___ Data listing

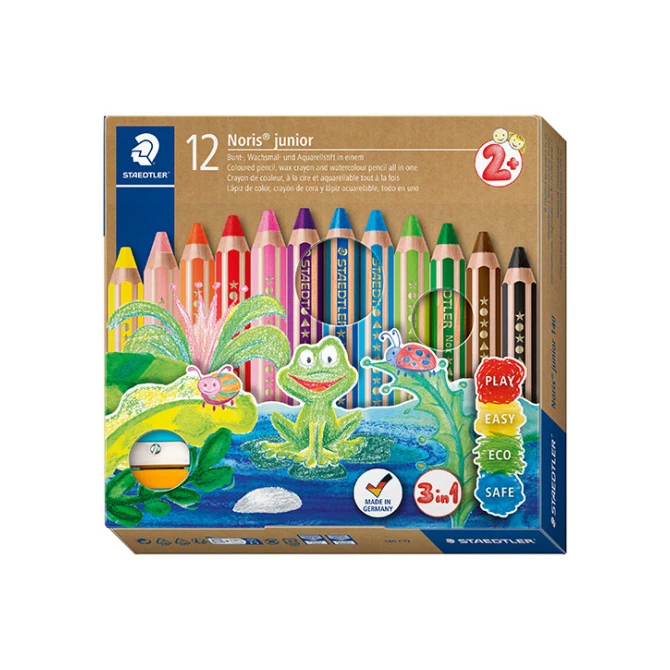 Kleurpotlood STAEDTLER 140 jr ass/p12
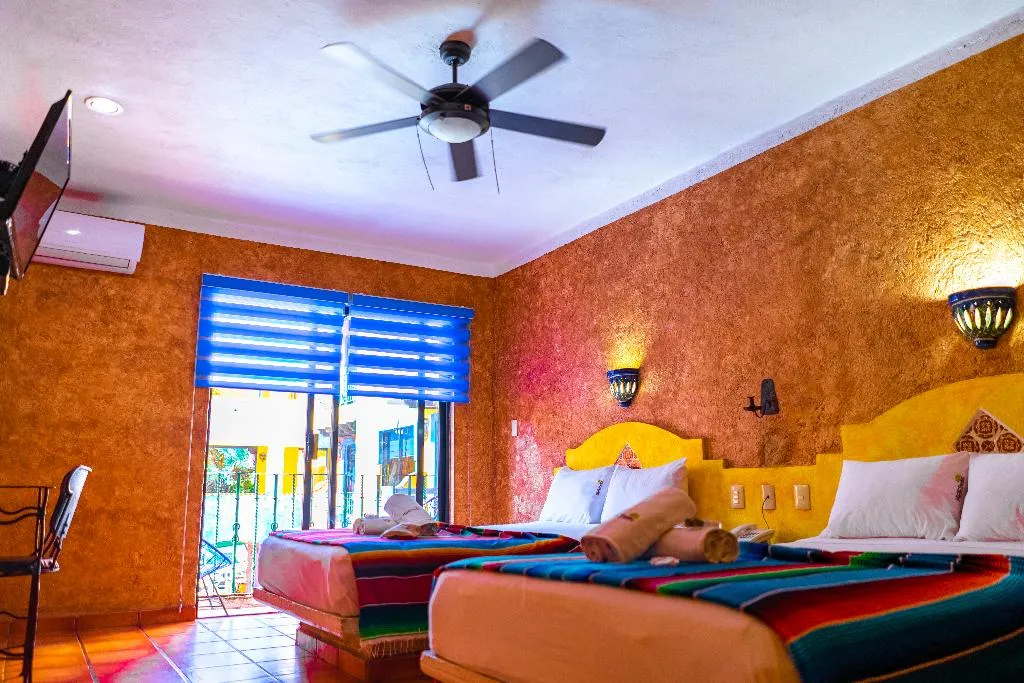 DOUBLE STANDARD Room, Hacienda Maria Bonita, Playa Del Carmen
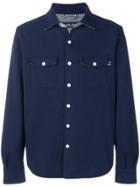 Jacob Cohen Classic Shirt Jacket - Blue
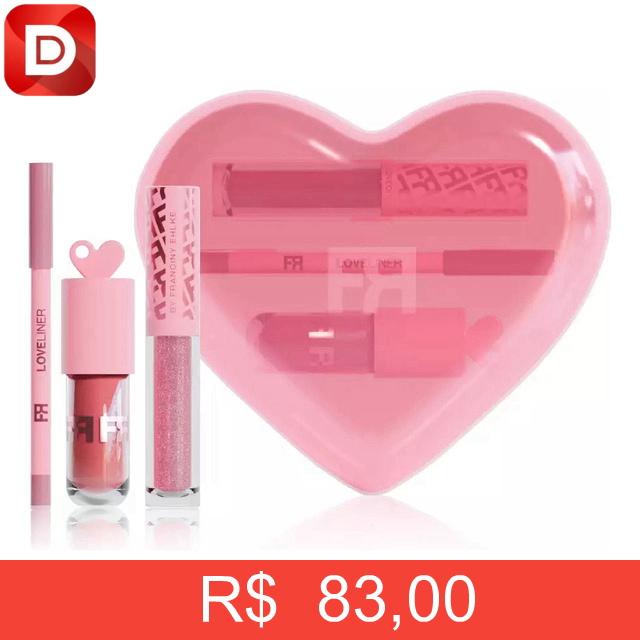 Foto do produto KIT PROS LÁBIOS DAS LOBAS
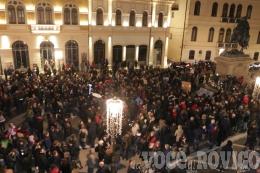 "Contro l'odio e le offese: abbiamo reso la piazza più bella"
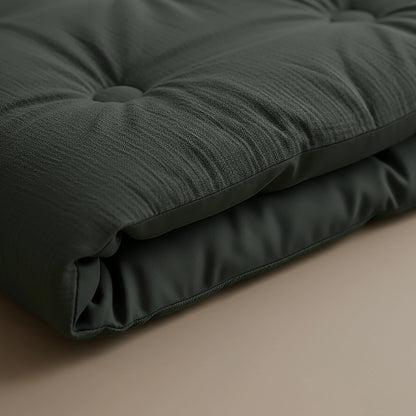 Zelesta Japandibed Mousseline de Coton - Vert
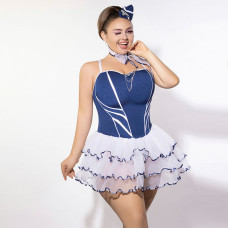 Эротический костюм стюардессы JSY P61122 Plus Size
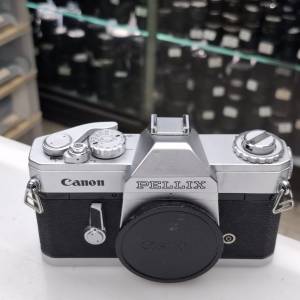 CANON PELLIX BODY 全正常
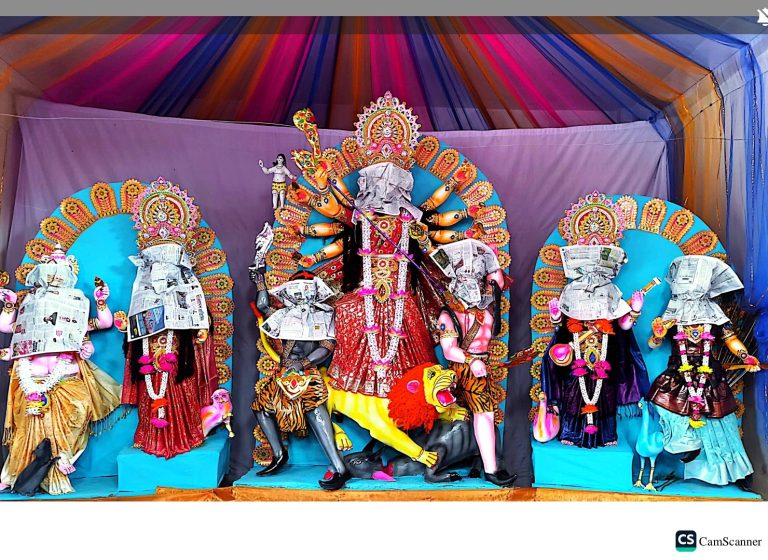 তাড়াইলে ১৮ পূজামণ্ডপে চলছে সনাতনী হিন্দু ধর্মাবলম্বীদের শারদীয় দুর্গাপূজার শেষ মুহুর্তের প্রস্তুতি, আগামীকাল মহাষষ্ঠীর মধ্য দিয়ে শুরু মূল দুর্গোৎসব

______

Problem details:
Return the lines exactly, from the one containing "CANON PELLIX BODY 全正常" through the last line above, including both ends and excluding every picture.

Solution to the problem:
 CANON PELLIX BODY 全正常
 তাড়াইলে ১৮ পূজামণ্ডপে চলছে সনাতনী হিন্দু ধর্মাবলম্বীদের শারদীয় দুর্গাপূজার শেষ মুহুর্তের প্রস্তুতি, আগামীকাল মহাষষ্ঠীর মধ্য দিয়ে শুরু মূল দুর্গোৎসব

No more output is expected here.